● **What is needed**
Locate the word "Vista" in the entries below, then gather every line that holds it.

● **Exercise materials**

================

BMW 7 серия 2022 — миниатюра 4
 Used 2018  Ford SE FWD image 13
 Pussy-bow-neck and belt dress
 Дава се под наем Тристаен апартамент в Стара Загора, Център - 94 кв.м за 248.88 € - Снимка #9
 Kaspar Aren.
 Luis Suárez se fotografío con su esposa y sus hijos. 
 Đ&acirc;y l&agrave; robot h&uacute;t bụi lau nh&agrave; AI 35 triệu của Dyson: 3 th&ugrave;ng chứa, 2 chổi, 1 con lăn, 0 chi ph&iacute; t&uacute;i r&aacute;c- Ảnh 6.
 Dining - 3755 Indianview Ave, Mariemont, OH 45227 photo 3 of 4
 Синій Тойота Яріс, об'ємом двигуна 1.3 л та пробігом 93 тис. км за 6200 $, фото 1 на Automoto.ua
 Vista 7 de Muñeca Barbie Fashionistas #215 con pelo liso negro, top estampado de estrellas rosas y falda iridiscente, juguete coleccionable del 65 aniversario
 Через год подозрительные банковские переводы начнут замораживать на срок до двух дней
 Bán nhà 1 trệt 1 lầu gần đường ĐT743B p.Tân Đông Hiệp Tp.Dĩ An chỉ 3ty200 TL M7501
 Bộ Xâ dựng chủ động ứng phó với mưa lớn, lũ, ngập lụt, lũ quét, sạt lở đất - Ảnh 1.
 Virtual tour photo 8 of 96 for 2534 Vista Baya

================

● **Task output**
 Vista 7 de Muñeca Barbie Fashionistas #215 con pelo liso negro, top estampado de estrellas rosas y falda iridiscente, juguete coleccionable del 65 aniversario
 Virtual tour photo 8 of 96 for 2534 Vista Baya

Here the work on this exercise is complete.